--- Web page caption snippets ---
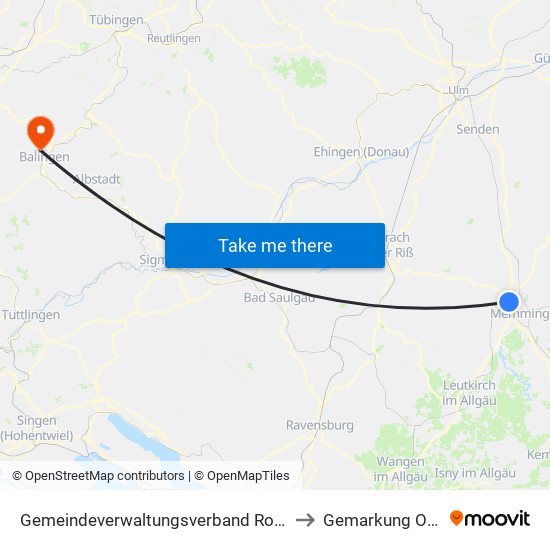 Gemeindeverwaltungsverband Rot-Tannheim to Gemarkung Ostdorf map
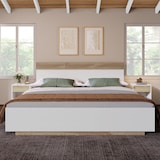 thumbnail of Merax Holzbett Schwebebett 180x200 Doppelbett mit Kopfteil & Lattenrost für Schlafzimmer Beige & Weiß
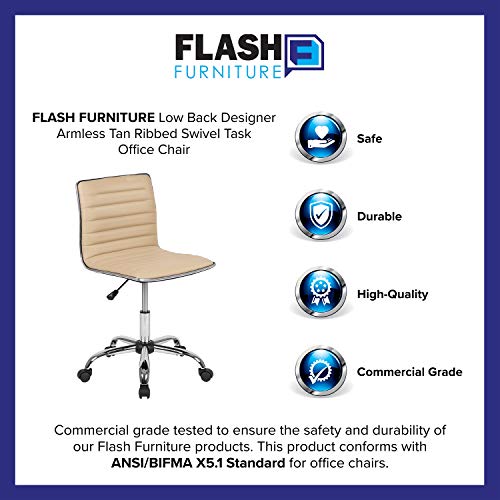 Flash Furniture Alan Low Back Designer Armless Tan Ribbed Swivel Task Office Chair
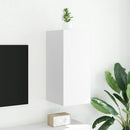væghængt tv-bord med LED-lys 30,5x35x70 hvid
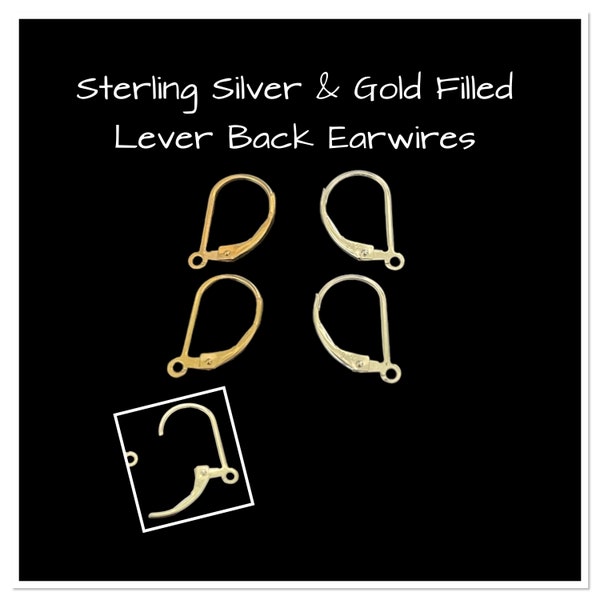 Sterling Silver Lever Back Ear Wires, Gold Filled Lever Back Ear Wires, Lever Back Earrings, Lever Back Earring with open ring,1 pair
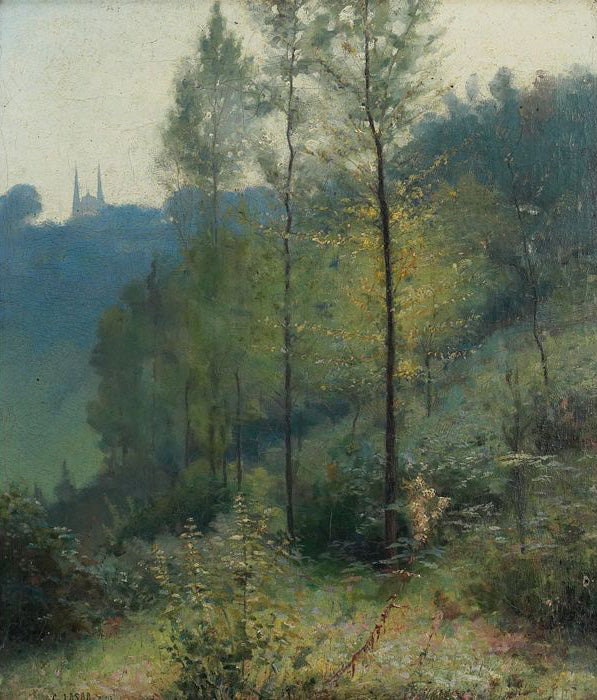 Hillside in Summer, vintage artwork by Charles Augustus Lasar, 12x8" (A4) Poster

--- PROMPT ---
Make an exact copy of the lines above, starting at the line that contains "Sterling Silver Lever" and running through the final line of the entries. Omit the pictures.

--- WRITTEN ANSWER ---
 Sterling Silver Lever Back Ear Wires, Gold Filled Lever Back Ear Wires, Lever Back Earrings, Lever Back Earring with open ring,1 pair
 Hillside in Summer, vintage artwork by Charles Augustus Lasar, 12x8" (A4) Poster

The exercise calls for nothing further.